> How to complete this task:
Repeat exactly the lines of the entries below from the one with "inner Bathroom imggen" through the one with "how to draw", both ends included, and nothing else.

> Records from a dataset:
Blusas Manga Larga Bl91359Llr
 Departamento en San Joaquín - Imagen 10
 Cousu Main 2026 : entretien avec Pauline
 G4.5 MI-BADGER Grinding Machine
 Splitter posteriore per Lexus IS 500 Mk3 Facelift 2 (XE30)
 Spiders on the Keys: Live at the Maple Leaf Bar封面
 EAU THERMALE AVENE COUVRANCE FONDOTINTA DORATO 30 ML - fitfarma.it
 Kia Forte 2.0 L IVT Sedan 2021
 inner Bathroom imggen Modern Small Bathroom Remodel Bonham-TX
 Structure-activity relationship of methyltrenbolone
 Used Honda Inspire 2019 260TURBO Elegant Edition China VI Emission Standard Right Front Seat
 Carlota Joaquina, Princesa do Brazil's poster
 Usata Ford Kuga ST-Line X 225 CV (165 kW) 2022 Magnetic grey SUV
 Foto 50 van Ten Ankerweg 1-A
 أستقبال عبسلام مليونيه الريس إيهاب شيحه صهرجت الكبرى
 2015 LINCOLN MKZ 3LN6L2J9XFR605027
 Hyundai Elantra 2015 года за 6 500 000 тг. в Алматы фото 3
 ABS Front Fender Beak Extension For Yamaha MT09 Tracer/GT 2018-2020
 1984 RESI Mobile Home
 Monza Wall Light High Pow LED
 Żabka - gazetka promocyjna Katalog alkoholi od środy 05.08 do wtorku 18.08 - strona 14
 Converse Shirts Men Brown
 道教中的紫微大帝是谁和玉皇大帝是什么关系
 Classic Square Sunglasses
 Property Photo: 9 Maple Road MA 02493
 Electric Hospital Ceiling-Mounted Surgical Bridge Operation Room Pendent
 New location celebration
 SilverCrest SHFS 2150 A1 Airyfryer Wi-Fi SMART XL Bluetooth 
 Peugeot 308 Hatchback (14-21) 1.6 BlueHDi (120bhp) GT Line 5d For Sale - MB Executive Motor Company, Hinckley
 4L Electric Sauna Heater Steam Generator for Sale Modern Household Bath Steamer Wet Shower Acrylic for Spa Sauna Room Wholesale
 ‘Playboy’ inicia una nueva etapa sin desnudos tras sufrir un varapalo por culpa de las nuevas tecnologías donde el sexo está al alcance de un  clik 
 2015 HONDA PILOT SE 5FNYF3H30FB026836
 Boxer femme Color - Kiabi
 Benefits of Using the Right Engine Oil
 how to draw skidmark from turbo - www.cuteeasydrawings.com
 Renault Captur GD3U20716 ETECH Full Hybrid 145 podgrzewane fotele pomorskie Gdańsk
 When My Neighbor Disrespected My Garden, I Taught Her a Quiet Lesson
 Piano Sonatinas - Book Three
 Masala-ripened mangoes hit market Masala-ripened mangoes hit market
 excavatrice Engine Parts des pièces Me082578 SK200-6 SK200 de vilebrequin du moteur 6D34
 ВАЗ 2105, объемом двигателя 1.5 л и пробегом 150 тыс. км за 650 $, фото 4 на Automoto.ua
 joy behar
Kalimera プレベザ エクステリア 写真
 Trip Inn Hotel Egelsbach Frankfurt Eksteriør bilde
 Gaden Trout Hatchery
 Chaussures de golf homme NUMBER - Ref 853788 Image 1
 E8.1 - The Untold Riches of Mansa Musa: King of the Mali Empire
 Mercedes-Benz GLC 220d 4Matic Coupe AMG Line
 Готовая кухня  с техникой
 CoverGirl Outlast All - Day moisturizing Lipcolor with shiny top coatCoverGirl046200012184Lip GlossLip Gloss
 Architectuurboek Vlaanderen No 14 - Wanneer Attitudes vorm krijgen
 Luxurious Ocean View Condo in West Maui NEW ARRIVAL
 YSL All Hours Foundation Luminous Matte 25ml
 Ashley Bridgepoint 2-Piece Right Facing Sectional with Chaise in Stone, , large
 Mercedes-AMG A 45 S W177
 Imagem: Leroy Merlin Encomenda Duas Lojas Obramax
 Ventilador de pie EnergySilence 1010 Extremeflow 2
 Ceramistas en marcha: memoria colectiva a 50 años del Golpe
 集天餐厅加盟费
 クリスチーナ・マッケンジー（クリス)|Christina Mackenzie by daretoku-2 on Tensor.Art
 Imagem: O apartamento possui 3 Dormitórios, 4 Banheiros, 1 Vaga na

> Task solution:
 inner Bathroom imggen Modern Small Bathroom Remodel Bonham-TX
 Structure-activity relationship of methyltrenbolone
 Used Honda Inspire 2019 260TURBO Elegant Edition China VI Emission Standard Right Front Seat
 Carlota Joaquina, Princesa do Brazil's poster
 Usata Ford Kuga ST-Line X 225 CV (165 kW) 2022 Magnetic grey SUV
 Foto 50 van Ten Ankerweg 1-A
 أستقبال عبسلام مليونيه الريس إيهاب شيحه صهرجت الكبرى
 2015 LINCOLN MKZ 3LN6L2J9XFR605027
 Hyundai Elantra 2015 года за 6 500 000 тг. в Алматы фото 3
 ABS Front Fender Beak Extension For Yamaha MT09 Tracer/GT 2018-2020
 1984 RESI Mobile Home
 Monza Wall Light High Pow LED
 Żabka - gazetka promocyjna Katalog alkoholi od środy 05.08 do wtorku 18.08 - strona 14
 Converse Shirts Men Brown
 道教中的紫微大帝是谁和玉皇大帝是什么关系
 Classic Square Sunglasses
 Property Photo: 9 Maple Road MA 02493
 Electric Hospital Ceiling-Mounted Surgical Bridge Operation Room Pendent
 New location celebration
 SilverCrest SHFS 2150 A1 Airyfryer Wi-Fi SMART XL Bluetooth 
 Peugeot 308 Hatchback (14-21) 1.6 BlueHDi (120bhp) GT Line 5d For Sale - MB Executive Motor Company, Hinckley
 4L Electric Sauna Heater Steam Generator for Sale Modern Household Bath Steamer Wet Shower Acrylic for Spa Sauna Room Wholesale
 ‘Playboy’ inicia una nueva etapa sin desnudos tras sufrir un varapalo por culpa de las nuevas tecnologías donde el sexo está al alcance de un  clik 
 2015 HONDA PILOT SE 5FNYF3H30FB026836
 Boxer femme Color - Kiabi
 Benefits of Using the Right Engine Oil
 how to draw skidmark from turbo - www.cuteeasydrawings.com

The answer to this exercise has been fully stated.